FIG. 1 is an operational diagram of a logic simulation that executes a microprogram according to an embodiment of the present invention, and FIG.
FIG. 3, which is an operational diagram of a logic simulation for executing a microprogram according to the prior art, is an explanatory diagram showing an example of a microprogram used to explain the present invention. 1... Microprogram execution control logic circuit, 2...
・Microprogram execution logic circuit, 3...Microprogram execution pseudo procedure, 4...Storage device, 5
...Control storage, 6.Control storage address register, 7.Control storage data register, 8.Decoder, 9.Function execution unit, 10.Storage. device, 11... storage device address register, 12.

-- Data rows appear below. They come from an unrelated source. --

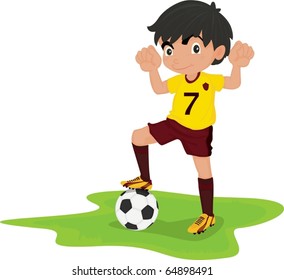 illustration of boy playing on a white background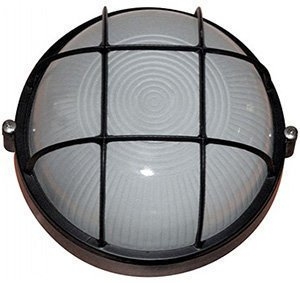 Світильник НПП 100W ip54 (круг Чорний з решіткою) (Екострум) 	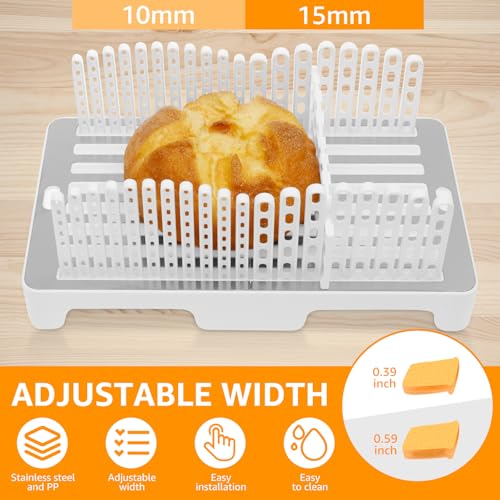 MENIBBLER Bread Slicer for Homemade Adjustable Width Bread Cutting Guide with Crumb Tray Foldable and Compact Sourdough Cutter Slicer Slicing Tool for Loaf Sourdough Rounds Sandwich - Image 3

...Register A, 13...Register B, 14...Register C115...Adder, 16...Data bus.

Claims (1)

[Claims] 1. In a logic simulation device that executes a microprogram, the microprogram and the logic circuit that executes the microprogram are put together, a pseudo procedure that equivalently models and executes the processing contents of the microprogram is provided, and the microprogram is executed. A logic simulation device characterized in that logic simulation time is reduced by equivalently executing a microprogram using the pseudo procedure instead of a logic circuit.